Civil liberties activist Gautam Navlakha, who is in custody at Taloja prison as an accused in the Elgar Parishad - Bhima Koregaon case is “near-blind” in jail his partner has said, after his spectacles was stolen 10 days ago and a new pair she sent, has been returned by the jail.
His partner Sahba Husain who lives in Delhi said that on a phone call made on November 30, Navlakha informed her that his spectacles were stolen on November 27, when he had removed it while sleeping and that he has been facing difficulties without it
“I have lived with him for 25 years. I know it is a necessity for him, those are not for reading, he needs them to see. At night he could fall without them,” she says.
Husain had got a new pair made for Navlakha, who is close to 70, and dispatched it by speed post on December 3. When she tracked the consignment it showed that the item had been “Returned Refused” on December 5. It is now on its way back.
Husain called it “inhuman” and “unjust” that the prison authorities do this to someone Navlakha’s age. She said she had to approach the court to get him a new slipper when his slipper broke and it took two months to reach him.

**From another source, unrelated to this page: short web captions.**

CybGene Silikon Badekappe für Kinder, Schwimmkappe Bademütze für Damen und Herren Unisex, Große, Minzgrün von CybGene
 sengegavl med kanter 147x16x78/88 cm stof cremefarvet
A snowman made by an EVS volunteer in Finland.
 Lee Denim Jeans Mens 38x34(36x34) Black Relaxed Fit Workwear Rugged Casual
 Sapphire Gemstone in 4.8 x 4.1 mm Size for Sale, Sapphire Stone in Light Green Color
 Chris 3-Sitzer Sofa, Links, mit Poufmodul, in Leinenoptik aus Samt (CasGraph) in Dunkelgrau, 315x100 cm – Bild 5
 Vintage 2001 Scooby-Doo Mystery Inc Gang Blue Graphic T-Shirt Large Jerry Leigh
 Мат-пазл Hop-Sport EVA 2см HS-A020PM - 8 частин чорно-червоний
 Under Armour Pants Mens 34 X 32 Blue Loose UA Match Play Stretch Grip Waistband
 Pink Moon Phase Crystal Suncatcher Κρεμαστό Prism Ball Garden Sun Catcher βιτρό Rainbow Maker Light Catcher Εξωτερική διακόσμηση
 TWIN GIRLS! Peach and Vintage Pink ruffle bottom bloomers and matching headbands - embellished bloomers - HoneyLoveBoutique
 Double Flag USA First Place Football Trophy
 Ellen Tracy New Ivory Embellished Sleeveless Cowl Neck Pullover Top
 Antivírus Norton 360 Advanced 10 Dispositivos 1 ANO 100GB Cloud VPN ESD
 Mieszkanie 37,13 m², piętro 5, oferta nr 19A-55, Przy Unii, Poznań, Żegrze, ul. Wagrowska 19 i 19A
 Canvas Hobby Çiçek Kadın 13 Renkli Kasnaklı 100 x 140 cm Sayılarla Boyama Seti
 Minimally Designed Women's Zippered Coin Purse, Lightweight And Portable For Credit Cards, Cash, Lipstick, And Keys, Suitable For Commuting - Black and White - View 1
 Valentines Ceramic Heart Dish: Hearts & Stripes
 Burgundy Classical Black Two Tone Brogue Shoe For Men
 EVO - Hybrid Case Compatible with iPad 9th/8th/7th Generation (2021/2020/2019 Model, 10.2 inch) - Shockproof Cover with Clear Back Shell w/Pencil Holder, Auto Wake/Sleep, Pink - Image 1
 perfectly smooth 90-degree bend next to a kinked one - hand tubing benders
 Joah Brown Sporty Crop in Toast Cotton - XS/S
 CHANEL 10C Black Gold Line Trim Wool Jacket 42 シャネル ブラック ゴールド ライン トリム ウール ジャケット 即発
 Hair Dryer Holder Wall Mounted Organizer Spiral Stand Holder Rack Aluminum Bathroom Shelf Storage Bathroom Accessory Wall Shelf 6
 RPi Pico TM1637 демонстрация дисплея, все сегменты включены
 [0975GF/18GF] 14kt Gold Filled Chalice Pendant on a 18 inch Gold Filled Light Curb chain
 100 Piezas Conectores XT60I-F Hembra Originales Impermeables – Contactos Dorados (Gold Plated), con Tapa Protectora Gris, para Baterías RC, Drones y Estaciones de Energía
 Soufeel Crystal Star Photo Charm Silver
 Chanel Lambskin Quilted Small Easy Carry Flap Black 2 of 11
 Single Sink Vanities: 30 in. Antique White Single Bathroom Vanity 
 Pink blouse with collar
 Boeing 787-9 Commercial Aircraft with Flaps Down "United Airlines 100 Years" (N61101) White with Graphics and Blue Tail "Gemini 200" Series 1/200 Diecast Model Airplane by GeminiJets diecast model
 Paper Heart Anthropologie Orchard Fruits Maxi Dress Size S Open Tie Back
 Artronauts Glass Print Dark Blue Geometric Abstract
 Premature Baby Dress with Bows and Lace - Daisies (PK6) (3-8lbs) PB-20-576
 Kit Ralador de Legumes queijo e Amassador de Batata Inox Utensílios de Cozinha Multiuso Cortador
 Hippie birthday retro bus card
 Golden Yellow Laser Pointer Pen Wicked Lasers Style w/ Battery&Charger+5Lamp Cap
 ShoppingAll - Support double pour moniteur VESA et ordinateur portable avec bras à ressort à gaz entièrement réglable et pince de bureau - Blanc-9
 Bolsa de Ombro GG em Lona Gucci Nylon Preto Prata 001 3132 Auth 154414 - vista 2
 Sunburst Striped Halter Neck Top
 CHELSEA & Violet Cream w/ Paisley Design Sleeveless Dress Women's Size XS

She has not been able to speak to Navlakha after that call as rules allow only one five-minute call every fifteen days. “Prisoners are the state’s responsibility. It is turning a blind eye to them,” she said.
She said prison authorities had been informed that spectacles will be arriving for Navlakha.
Taloja jail superintendent Kaustubh Kurlekar said that prisoners need to take care of their belongings. Navlakha had informed them that he needed a pair of spectacles, Kurlekar said and they had told him to inform the specifications and they will get one made or that a friend or relative of his could get one to the jail. The superintendent said that the prison does not accept parcels for security reasons and denied having received it. When informed that Navlakha's family is in Delhi, Kurlekar said he has a lot of friends and followers in Mumbai and someone could get it.
Husain however counters this and says that even when slippers and clothes were sent earlier through lawyers or contacts, they were sent back more than once.